The Doctor of Philosophy in English program trains students to be successful scholars and teachers of literature and of writing and rhetoric. The program begins with an immersion in coursework, designed to introduce the discipline at a broad level and to lay the ground for avenues of individual research. The Comprehensive Exam solidifies the student’s grounding in three fields of study linked to that which the student intends to specialize. The dissertation, completed under the close supervision of both the dissertation director and the dissertation committee, is an original research project that stands as the student’s entry into the field of professional scholarship.
Graduates of Ph.D. in English program are able to:
- Employ primary and secondary materials to analyze critical debates and positionality within subfields of English.
- Demonstrate expertise in theories; methods; and social, cultural, and political histories of three subfields of English studies pertinent to the student’s plan of research and teaching.
- Formulate and defend original and critically significant arguments, communicating them effectively in genres relevant to English studies (e.g., research papers, conference presentations, digital projects).
- Design and conduct sustained, sophisticated, independent research to make a critical contribution to subfields within English studies by engaging in analytical thinking, investigating relationships between language and power, or critiquing inherited social structures and hierarchies within and beyond the field(s).
- Develop a foundational knowledge of current pedagogical and curricular frameworks for teaching college-level courses and apply these frameworks in their own classrooms or other teaching contexts.

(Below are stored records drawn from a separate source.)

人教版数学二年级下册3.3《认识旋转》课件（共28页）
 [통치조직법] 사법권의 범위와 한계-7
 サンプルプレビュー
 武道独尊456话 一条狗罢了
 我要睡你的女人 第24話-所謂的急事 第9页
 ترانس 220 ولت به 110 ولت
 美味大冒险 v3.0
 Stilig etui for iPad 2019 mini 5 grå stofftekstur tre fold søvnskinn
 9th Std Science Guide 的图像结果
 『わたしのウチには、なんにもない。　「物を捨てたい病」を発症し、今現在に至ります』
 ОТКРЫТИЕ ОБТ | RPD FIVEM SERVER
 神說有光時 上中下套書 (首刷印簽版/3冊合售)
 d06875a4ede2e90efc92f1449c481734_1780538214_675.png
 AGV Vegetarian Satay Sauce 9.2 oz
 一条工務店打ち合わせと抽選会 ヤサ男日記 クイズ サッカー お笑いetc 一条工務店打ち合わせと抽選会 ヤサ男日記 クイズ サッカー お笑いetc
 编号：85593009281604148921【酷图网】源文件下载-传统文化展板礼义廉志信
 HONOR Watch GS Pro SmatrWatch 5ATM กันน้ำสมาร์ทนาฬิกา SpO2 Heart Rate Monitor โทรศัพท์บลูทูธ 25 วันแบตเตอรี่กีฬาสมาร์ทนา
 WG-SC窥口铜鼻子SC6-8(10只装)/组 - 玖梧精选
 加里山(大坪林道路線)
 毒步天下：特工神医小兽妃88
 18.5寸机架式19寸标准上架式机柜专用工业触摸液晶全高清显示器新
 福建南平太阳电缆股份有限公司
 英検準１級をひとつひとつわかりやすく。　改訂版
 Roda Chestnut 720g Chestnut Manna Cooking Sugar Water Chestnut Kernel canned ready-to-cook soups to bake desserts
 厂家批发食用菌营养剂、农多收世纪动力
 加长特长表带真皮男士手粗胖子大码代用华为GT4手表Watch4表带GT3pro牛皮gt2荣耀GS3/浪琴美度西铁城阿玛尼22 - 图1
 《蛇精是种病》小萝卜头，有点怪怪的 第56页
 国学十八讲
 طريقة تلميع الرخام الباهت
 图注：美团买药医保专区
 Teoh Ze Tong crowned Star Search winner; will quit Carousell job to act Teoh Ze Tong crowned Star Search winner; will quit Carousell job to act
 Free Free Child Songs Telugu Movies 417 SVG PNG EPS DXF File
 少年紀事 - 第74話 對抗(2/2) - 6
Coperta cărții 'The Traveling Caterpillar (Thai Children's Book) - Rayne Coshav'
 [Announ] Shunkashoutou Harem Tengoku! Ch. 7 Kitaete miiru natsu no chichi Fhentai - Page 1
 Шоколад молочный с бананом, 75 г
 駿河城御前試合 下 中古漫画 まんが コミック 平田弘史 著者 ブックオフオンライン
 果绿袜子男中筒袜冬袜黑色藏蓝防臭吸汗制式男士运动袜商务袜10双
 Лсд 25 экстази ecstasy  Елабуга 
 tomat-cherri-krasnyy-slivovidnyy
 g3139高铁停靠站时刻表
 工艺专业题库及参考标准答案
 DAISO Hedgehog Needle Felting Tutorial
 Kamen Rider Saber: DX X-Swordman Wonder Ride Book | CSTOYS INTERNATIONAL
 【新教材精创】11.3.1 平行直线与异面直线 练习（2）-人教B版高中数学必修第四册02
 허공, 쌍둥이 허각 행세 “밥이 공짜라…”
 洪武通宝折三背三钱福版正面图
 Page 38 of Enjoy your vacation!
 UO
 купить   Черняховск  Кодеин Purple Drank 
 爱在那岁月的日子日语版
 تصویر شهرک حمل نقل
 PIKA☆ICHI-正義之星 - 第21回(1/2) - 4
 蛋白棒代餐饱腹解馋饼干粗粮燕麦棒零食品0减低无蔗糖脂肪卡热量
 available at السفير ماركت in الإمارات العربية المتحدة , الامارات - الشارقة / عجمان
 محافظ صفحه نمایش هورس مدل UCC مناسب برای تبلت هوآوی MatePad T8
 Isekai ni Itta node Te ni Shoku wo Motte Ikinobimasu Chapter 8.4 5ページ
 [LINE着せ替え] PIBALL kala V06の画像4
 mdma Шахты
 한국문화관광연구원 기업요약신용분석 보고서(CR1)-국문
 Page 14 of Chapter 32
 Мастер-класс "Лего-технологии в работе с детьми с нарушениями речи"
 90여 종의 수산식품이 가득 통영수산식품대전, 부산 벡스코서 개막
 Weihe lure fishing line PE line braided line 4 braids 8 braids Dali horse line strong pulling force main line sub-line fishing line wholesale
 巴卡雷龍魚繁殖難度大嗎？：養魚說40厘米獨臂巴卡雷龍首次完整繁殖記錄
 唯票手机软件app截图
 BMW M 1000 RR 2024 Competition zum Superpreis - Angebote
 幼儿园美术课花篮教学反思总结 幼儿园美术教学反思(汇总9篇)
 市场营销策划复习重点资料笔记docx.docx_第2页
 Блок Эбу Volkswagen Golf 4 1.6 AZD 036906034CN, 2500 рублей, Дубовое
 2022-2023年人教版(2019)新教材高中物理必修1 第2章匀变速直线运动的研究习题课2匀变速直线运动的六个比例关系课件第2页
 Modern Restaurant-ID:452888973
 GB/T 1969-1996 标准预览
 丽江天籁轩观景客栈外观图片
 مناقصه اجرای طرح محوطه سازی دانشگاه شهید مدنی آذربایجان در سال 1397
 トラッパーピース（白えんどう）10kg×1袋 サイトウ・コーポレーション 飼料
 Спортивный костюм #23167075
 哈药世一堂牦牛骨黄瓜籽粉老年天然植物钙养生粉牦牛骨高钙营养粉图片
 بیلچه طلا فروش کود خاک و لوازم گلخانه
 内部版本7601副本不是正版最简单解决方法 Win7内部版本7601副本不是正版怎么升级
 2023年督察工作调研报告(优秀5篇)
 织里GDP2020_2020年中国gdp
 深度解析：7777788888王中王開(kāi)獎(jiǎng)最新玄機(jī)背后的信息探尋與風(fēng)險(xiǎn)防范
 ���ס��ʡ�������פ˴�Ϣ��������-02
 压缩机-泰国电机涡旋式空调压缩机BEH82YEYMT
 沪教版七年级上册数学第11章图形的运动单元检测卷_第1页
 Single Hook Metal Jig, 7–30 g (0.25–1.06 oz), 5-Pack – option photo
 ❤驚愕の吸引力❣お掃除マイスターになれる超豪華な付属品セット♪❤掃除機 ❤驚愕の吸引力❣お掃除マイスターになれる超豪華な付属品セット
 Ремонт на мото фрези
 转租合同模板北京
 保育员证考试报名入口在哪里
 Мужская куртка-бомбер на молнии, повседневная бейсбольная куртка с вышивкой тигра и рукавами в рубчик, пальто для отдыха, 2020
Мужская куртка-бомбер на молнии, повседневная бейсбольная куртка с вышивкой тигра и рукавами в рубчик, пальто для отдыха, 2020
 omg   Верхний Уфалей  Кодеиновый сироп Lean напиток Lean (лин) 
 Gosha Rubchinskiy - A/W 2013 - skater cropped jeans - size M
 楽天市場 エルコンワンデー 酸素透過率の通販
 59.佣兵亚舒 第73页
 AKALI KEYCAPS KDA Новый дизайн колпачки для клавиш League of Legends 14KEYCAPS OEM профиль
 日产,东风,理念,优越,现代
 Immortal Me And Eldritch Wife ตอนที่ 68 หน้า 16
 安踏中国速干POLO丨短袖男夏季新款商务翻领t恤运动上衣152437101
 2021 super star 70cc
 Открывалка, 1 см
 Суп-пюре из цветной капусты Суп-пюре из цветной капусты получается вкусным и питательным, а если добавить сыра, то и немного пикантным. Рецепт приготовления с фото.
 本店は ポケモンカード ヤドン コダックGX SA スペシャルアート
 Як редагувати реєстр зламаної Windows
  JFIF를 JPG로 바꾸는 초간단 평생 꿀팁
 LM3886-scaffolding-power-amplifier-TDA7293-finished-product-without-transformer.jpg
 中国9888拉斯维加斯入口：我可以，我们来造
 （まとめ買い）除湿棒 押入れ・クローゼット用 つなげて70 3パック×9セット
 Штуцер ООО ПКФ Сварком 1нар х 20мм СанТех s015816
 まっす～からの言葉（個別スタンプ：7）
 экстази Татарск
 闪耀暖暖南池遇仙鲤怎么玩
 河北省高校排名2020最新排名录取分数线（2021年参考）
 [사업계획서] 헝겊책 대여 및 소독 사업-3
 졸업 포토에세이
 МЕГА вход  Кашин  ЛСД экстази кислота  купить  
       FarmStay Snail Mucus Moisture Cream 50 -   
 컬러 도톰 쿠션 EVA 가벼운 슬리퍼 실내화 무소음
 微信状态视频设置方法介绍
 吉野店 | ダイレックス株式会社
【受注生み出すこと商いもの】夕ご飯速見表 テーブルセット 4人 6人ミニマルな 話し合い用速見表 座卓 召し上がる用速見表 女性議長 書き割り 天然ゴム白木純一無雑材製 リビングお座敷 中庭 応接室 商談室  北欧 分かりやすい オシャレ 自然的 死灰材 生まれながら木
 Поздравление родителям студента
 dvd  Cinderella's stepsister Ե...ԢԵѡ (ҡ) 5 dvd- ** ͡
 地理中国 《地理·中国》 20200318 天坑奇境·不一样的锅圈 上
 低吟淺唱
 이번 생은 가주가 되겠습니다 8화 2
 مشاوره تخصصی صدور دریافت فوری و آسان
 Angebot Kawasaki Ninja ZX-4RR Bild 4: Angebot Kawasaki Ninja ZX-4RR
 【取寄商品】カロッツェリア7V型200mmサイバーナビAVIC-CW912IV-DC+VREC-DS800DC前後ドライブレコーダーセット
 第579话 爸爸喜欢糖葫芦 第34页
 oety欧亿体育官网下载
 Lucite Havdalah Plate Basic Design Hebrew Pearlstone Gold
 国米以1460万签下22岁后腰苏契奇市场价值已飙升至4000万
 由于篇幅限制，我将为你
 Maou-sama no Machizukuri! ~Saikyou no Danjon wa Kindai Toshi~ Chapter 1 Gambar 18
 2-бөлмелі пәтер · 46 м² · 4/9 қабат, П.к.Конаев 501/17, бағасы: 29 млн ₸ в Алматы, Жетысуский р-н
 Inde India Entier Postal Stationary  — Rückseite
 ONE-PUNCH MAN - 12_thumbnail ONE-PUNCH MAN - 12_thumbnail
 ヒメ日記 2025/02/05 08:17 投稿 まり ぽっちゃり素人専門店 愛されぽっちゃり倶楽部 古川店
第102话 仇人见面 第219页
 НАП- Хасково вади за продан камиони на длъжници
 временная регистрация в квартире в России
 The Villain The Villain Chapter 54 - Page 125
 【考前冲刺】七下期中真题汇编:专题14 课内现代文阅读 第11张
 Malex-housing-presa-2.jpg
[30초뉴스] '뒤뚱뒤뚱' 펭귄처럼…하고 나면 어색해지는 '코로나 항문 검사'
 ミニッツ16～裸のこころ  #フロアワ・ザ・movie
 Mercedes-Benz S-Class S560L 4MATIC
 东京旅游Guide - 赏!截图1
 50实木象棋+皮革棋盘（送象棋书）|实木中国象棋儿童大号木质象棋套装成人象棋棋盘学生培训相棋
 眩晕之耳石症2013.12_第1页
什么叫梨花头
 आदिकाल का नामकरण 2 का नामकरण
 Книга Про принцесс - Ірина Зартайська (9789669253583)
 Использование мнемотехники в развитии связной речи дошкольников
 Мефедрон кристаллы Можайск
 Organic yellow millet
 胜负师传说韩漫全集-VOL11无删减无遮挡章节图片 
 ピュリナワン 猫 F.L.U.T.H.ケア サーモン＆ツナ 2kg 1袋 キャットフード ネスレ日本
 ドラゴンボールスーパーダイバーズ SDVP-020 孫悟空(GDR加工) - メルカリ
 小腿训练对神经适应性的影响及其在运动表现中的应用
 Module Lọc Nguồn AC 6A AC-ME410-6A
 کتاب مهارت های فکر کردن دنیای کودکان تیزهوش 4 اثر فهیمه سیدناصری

In addition to the formal curriculum, the department offers a range of opportunities to introduce students to new scholarship in English, including the Barrs lecture series. We hold frequent workshops on various aspects of graduate study and professionalization, and students are involved in a plethora of hands-on research opportunities, including the NULab for Texts, Maps, and Networks, the Early Caribbean Digital Archive, and The Women Writers Project. Many students are also involved with 826 Boston, where they have gained experience in teaching and community engagement.